**Material to process**
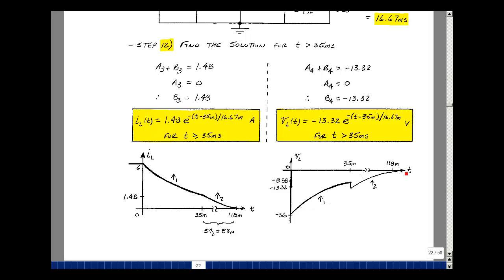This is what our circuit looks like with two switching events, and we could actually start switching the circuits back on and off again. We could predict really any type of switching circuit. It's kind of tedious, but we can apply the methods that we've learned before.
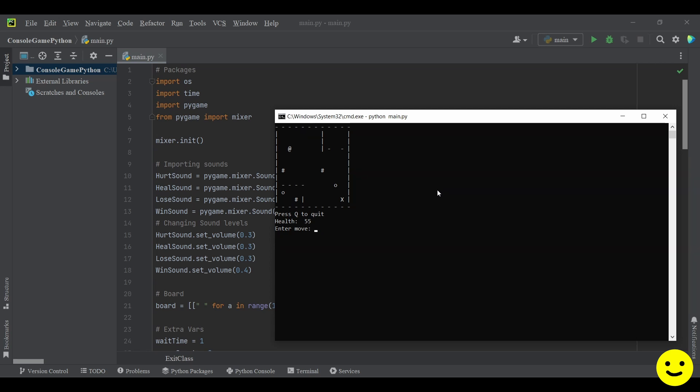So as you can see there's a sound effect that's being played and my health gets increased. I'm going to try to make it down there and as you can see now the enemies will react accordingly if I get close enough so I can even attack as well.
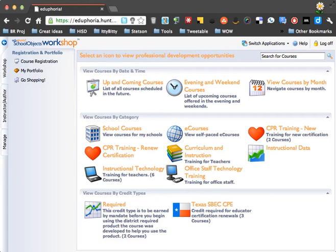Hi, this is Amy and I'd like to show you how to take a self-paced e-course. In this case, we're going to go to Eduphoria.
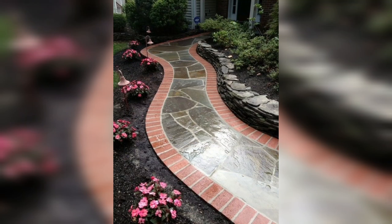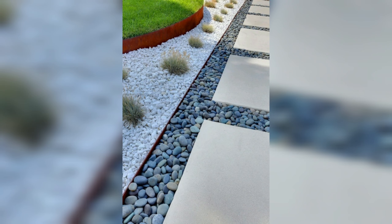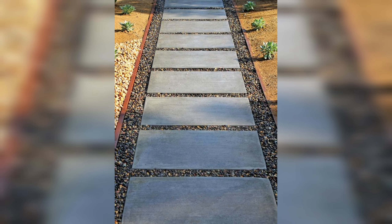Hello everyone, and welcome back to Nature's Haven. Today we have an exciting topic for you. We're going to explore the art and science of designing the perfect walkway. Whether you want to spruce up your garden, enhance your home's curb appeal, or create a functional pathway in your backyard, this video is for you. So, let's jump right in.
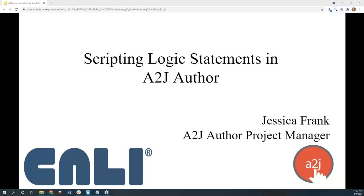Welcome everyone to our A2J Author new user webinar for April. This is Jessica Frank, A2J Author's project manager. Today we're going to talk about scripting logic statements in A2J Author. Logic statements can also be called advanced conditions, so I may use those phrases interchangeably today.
--
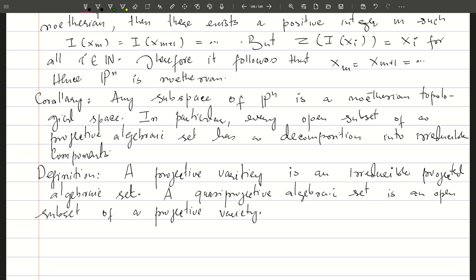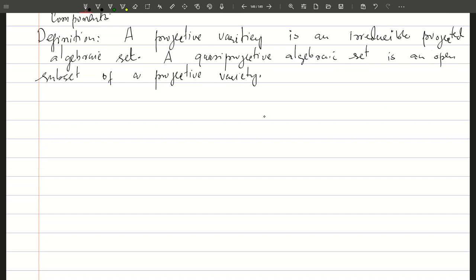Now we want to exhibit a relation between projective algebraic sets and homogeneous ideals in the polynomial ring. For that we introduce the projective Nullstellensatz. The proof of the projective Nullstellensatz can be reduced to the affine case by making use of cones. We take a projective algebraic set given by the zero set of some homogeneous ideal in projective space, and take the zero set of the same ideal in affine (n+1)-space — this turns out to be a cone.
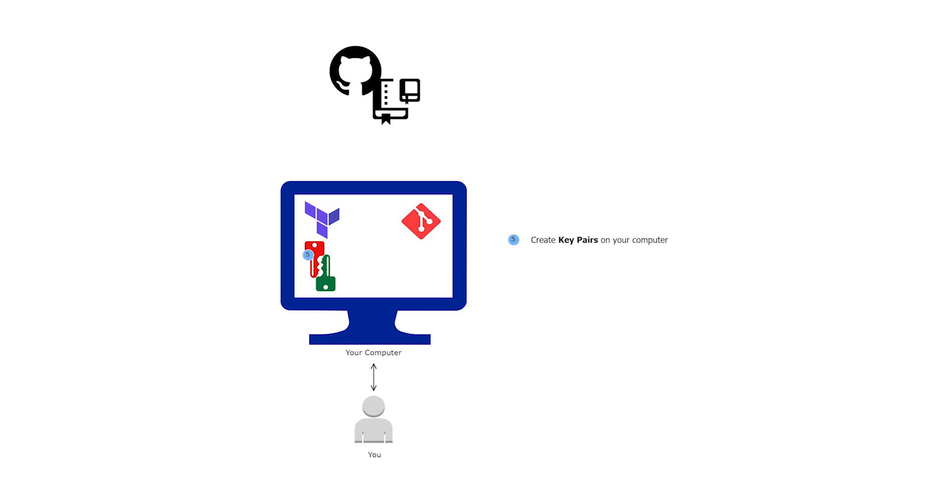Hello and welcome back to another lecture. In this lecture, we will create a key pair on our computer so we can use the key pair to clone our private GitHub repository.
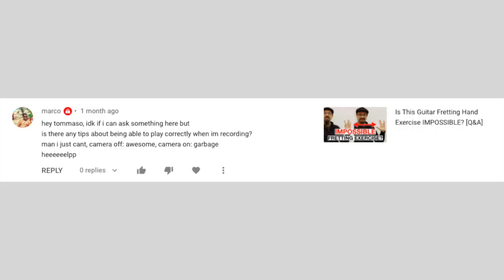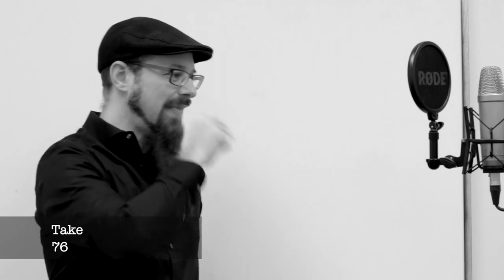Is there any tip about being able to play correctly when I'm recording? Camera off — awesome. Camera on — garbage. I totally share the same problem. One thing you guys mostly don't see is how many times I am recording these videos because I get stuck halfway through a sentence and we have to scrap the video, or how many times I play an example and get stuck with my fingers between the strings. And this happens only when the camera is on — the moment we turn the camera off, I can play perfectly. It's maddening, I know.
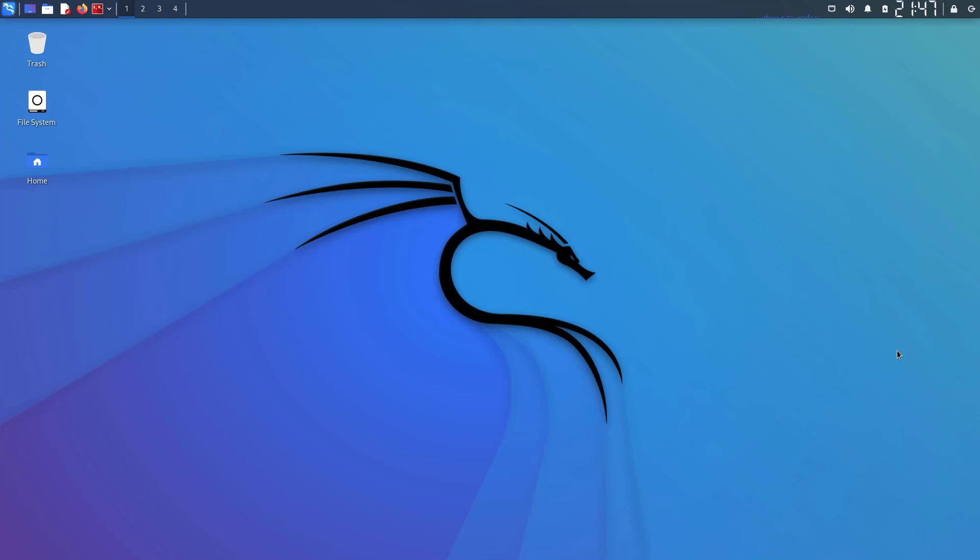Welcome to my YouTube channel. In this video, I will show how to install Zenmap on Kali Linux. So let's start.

**Exercise objective**
Reproduce the lines above beginning at the line that contains "Now we want" and ending at the line that contains "Welcome to my". No pictures.

**Solution to the problem**
Now we want to exhibit a relation between projective algebraic sets and homogeneous ideals in the polynomial ring. For that we introduce the projective Nullstellensatz. The proof of the projective Nullstellensatz can be reduced to the affine case by making use of cones. We take a projective algebraic set given by the zero set of some homogeneous ideal in projective space, and take the zero set of the same ideal in affine (n+1)-space — this turns out to be a cone.
Hello and welcome back to another lecture. In this lecture, we will create a key pair on our computer so we can use the key pair to clone our private GitHub repository.
Is there any tip about being able to play correctly when I'm recording? Camera off — awesome. Camera on — garbage. I totally share the same problem. One thing you guys mostly don't see is how many times I am recording these videos because I get stuck halfway through a sentence and we have to scrap the video, or how many times I play an example and get stuck with my fingers between the strings. And this happens only when the camera is on — the moment we turn the camera off, I can play perfectly. It's maddening, I know.
Welcome to my YouTube channel. In this video, I will show how to install Zenmap on Kali Linux. So let's start.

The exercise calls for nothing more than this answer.